_PROBLEM DESCRIPTION:_ Start to finish, print the entries exactly, and carry none of the pictures over.
[DATA TO EXAMINE Boundary: Start]
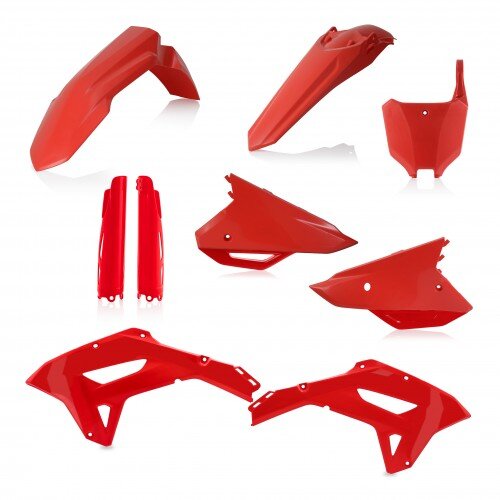 ACERBIS fits for Honda Plastic Full Kit CRF 450 RX 2021-2024 - Colour: RED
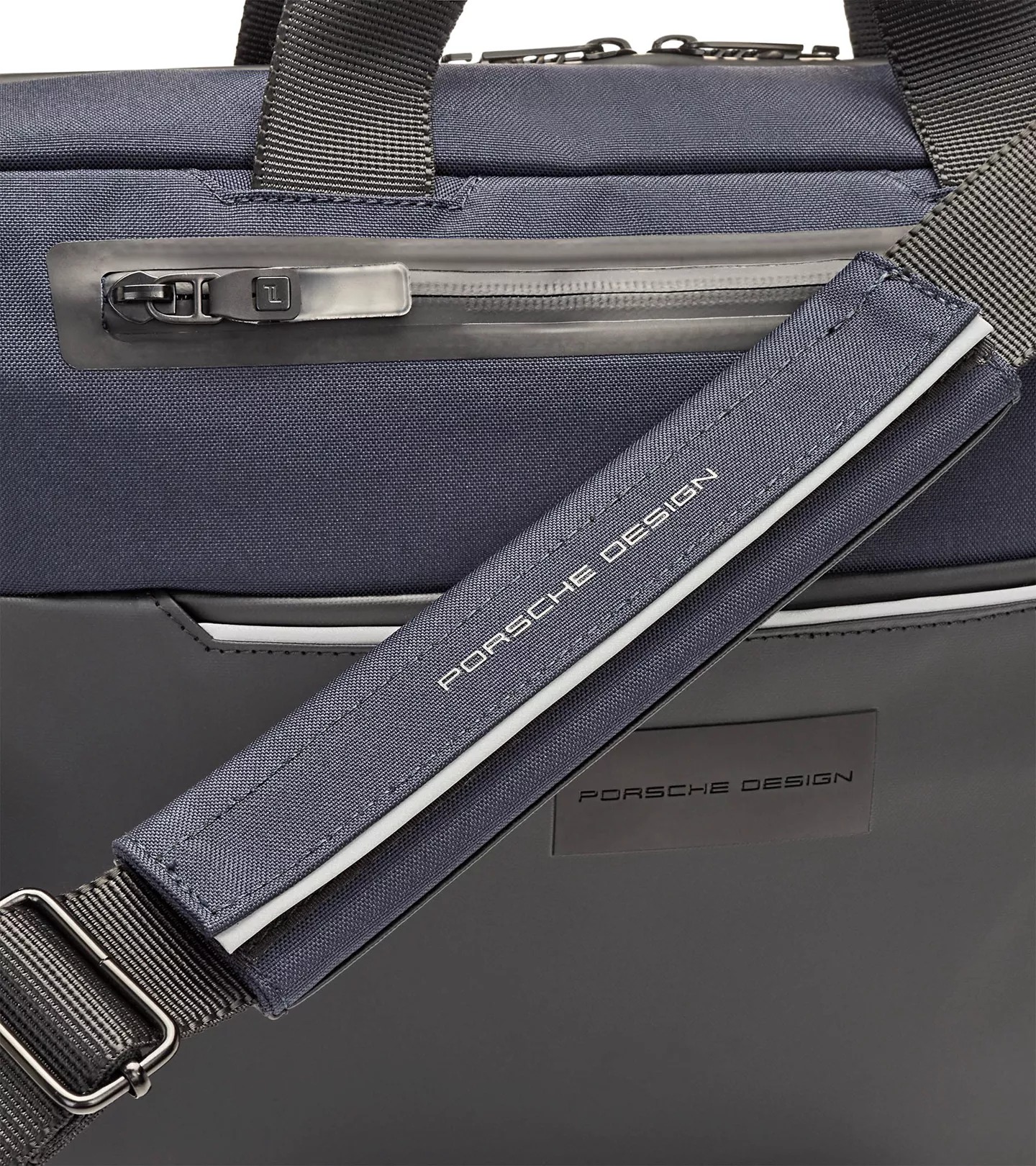 Porsche Design Urban Eco Briefcase M manažerská aktovka tmavě modrá dark blue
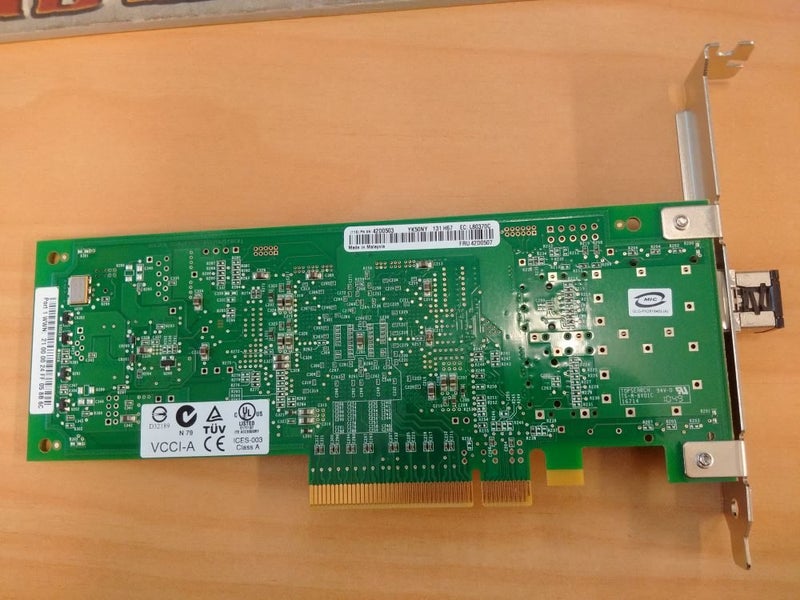 IBM QLOGIC QLE2560 8GB PCI-E SINGLE PORT FIBRE CHANNEL HBA Carousel 2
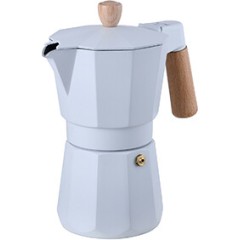 Кофеварка гейзерная Masterpro BG-38192-WH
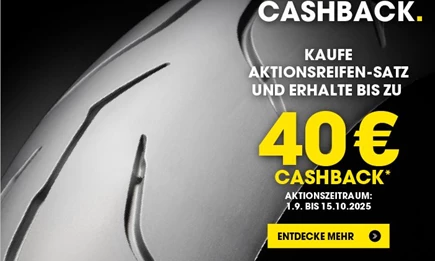 40 € Reifen Cash-Back mit Dunlop 40 € Reifen Cash-Back mit Dunlop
[DATA TO EXAMINE Boundary: End]
_OUTPUT OF THE TASK:_
 ACERBIS fits for Honda Plastic Full Kit CRF 450 RX 2021-2024 - Colour: RED
 Porsche Design Urban Eco Briefcase M manažerská aktovka tmavě modrá dark blue
 IBM QLOGIC QLE2560 8GB PCI-E SINGLE PORT FIBRE CHANNEL HBA Carousel 2
 Кофеварка гейзерная Masterpro BG-38192-WH
 40 € Reifen Cash-Back mit Dunlop 40 € Reifen Cash-Back mit Dunlop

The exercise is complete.